62 Bayard Street / Williamsburg
MOFAD appeals to chefs and novice cooks, food obsessives and people who simply love to eat. Exhibitions touch on culinary history and the future of food and, unlike most museums, MOFAD encourages visitors to touch, taste and sniff. At Chow: Making the Chinese American Restaurant, a fortune cookie machine churns out the iconic treat and, of course, tastings are included.
While you’re in the neighborhood: Located just steps away, McCarren Park is always bustling, especially in the summertime, when free movies and music take over the green space, and eager sun-seekers lie out at the pool.
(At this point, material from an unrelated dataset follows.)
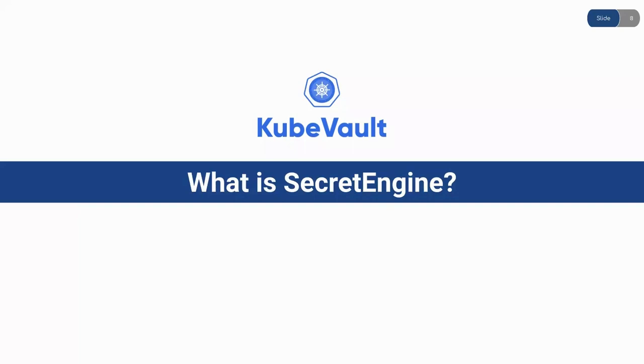Secret Engines are enabled at a path by Vault. In this way, each Secret Engine defines its path and properties. And to the user, Secret Engines behave like Virtual File System supporting operations like read, write and delete.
103 Orchard Street / Lower East Side
Walk in the shoes of the immigrants who helped make the city so vibrant. Founded in 1988, the Tenement Museum preserves two period buildings that housed 15,000 people over the 19th and 20th centuries. Visitors take guided tours through seven apartments once home to Italian, Irish and Jewish immigrant families. You can even meet the residents themselves — and a landlord — played by costumed interpreters. Consider it a little bit experiential, a little bit theatrical and a lot inspiring.
While you’re in the neighborhood: For a taste of immigrant fare that made New York famous, grab a booth at Russ & Daughters Cafe (127 Orchard Street), a proper sit down deli from the family behind the eponymous century-old Jewish appetizing shop on Houston Street.